Tambourah Metals Ltd (ASX, TMB), a junior gold exploration company, has launched a non-renounceable pro-rata entitlement offer to raise up to approximately $368,000 before costs. Eligible shareholders can subscribe for 1 new share for every 8 shares held as at the record date, priced at 2 cents per share. Additionally, for every 2 new shares subscribed, shareholders will receive 1 free-attaching option exercisable at 4 cents within two years.

Structure and Additional Offers

The offer includes a Top-Up Offer, allowing shareholders who fully subscribe to their entitlement to apply for additional shares not taken up by others, subject to limits and director discretion. Any remaining shares after the Entitlement and Top-Up Offers will be available under a Shortfall Offer, which the company may allocate at its discretion within three months post closing.

Use of Funds and Strategic Focus

Proceeds from the capital raise will primarily fund exploration activities at the Beatty Park Gold and Speewah North projects, as well as other exploration initiatives across Tambourah’s portfolio.

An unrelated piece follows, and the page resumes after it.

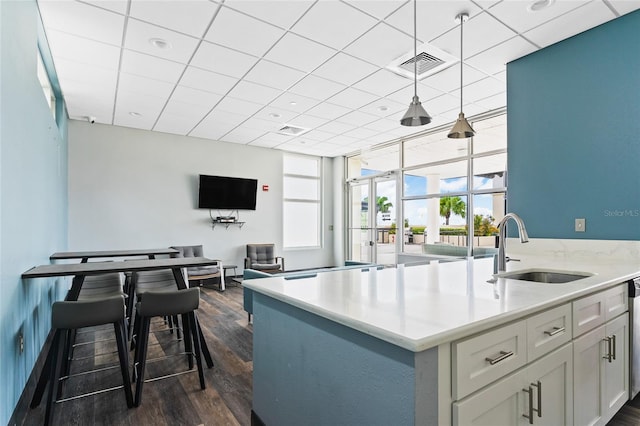 kitchen with sink, a drop ceiling, floor to ceiling windows, dark hardwood / wood-style floors, and hanging light fixtures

The company also plans to allocate funds towards offer costs and general working capital. This targeted funding approach underscores Tambourah’s commitment to advancing its exploration pipeline in Western Australia.

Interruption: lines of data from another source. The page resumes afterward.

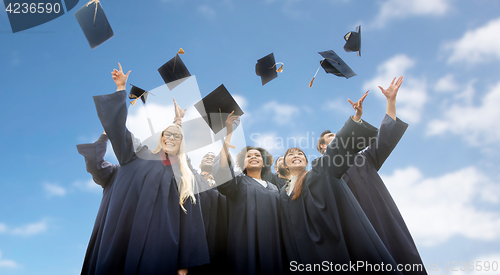 Image of happy students throwing mortar boards up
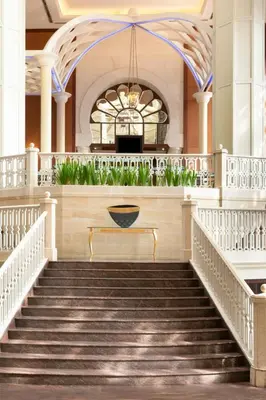 a stairway in a building with a fountain at Sheraton Imperial Kuala Lumpur Hotel in Kuala Lumpur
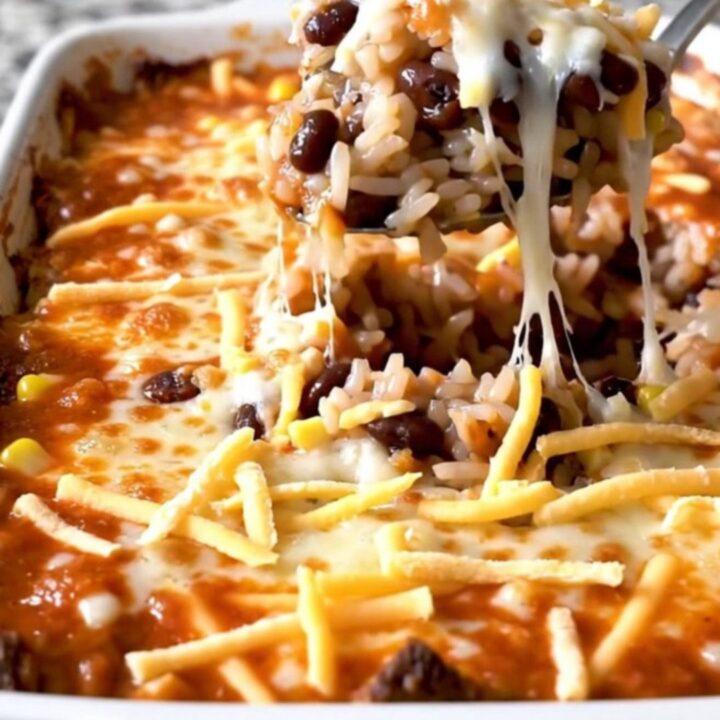A top-down view of a rectangular baking dish filled with a layered black bean and rice enchilada bake.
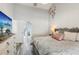 Bright bedroom with en suite bathroom featuring a view into the bathroom, a modern dresser, and a king-sized bed at 1421 Buckner Rd, Valrico, FL 33596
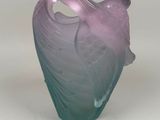 un vase violet et bleu posé sur une surface blanche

Shareholder Impact and Director Participation

The entitlement offer is non-renounceable, meaning shareholders cannot trade their rights. Those who do not participate risk dilution of their holdings. The company’s largest shareholder group, associated with Executive Chair Rita Brooks, holds approximately 23% of shares and has indicated partial participation in the offer. Directors William Clayton and William Marmion also intend to take up portions of their entitlements.

Risks and Market Context

Tambourah Metals operates in a high-risk sector typical of mineral exploration companies, with risks including funding requirements, exploration success uncertainty, commodity price volatility, and regulatory factors. The company’s financial statements have been prepared on a going concern basis, contingent on successful capital raises such as this offer. The entitlement offer is not underwritten, adding an element of subscription risk.

Next Steps for Investors

The offer opens on 12 June 2025 and closes at 5, 00pm AWST on 23 June 2025, with the company reserving the right to extend or shorten this period. Investors are encouraged to carefully review the prospectus and consider the speculative nature of the investment. The results of the entitlement offer will be announced by 30 June 2025, with new shares expected to commence trading on 1 July 2025.

Bottom Line?

Tambourah’s modest capital raise aims to fuel exploration momentum, but subscription levels and future funding needs remain key watchpoints.

Questions in the middle?

  • Will the entitlement offer achieve full subscription given it is not underwritten?
  • How will the company prioritize exploration spending if funds raised fall short?
  • What impact will director and substantial shareholder participation have on control dynamics?